*WHAT IS BEING ASKED*.
Nothing but the pictures may be dropped; the rest of the listing is to be written out exactly.

*SOURCE DATA*.

☆ ☆ ☆

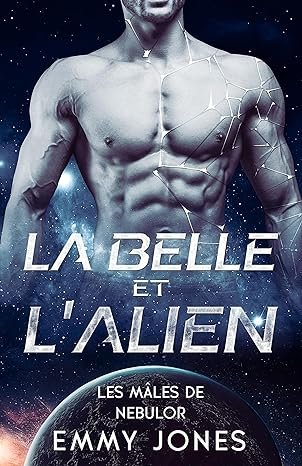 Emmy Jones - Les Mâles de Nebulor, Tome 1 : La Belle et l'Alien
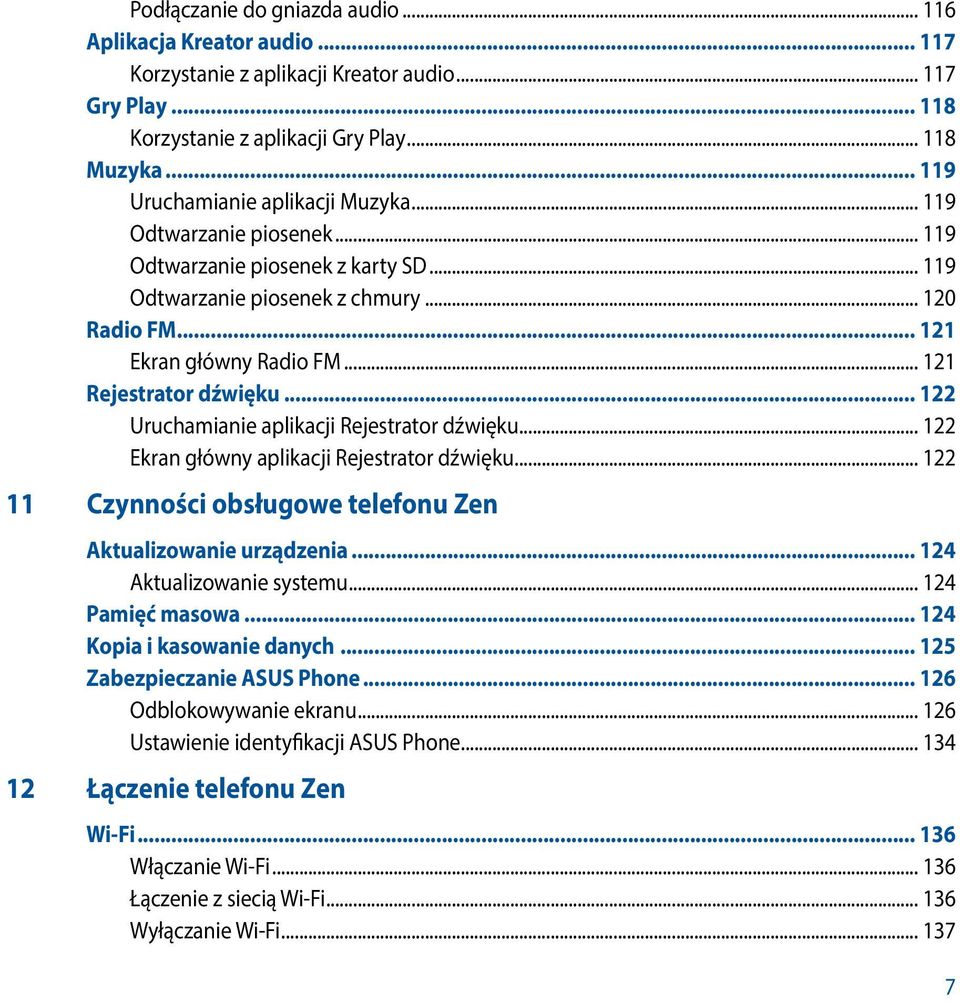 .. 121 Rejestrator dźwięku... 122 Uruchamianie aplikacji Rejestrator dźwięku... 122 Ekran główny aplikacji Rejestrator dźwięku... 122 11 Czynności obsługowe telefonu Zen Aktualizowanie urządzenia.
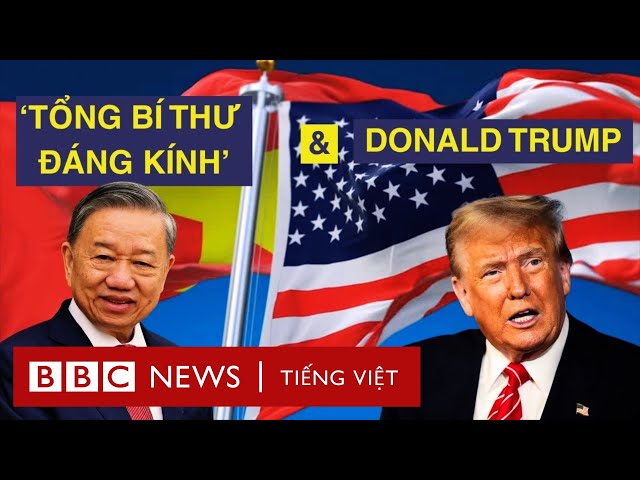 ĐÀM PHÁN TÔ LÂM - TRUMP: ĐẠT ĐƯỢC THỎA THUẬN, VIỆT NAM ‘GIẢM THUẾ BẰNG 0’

☆ ☆ ☆

*COMPLETED EXERCISE*.
 Emmy Jones - Les Mâles de Nebulor, Tome 1 : La Belle et l'Alien
 .. 121 Rejestrator dźwięku... 122 Uruchamianie aplikacji Rejestrator dźwięku... 122 Ekran główny aplikacji Rejestrator dźwięku... 122 11 Czynności obsługowe telefonu Zen Aktualizowanie urządzenia.
 ĐÀM PHÁN TÔ LÂM - TRUMP: ĐẠT ĐƯỢC THỎA THUẬN, VIỆT NAM ‘GIẢM THUẾ BẰNG 0’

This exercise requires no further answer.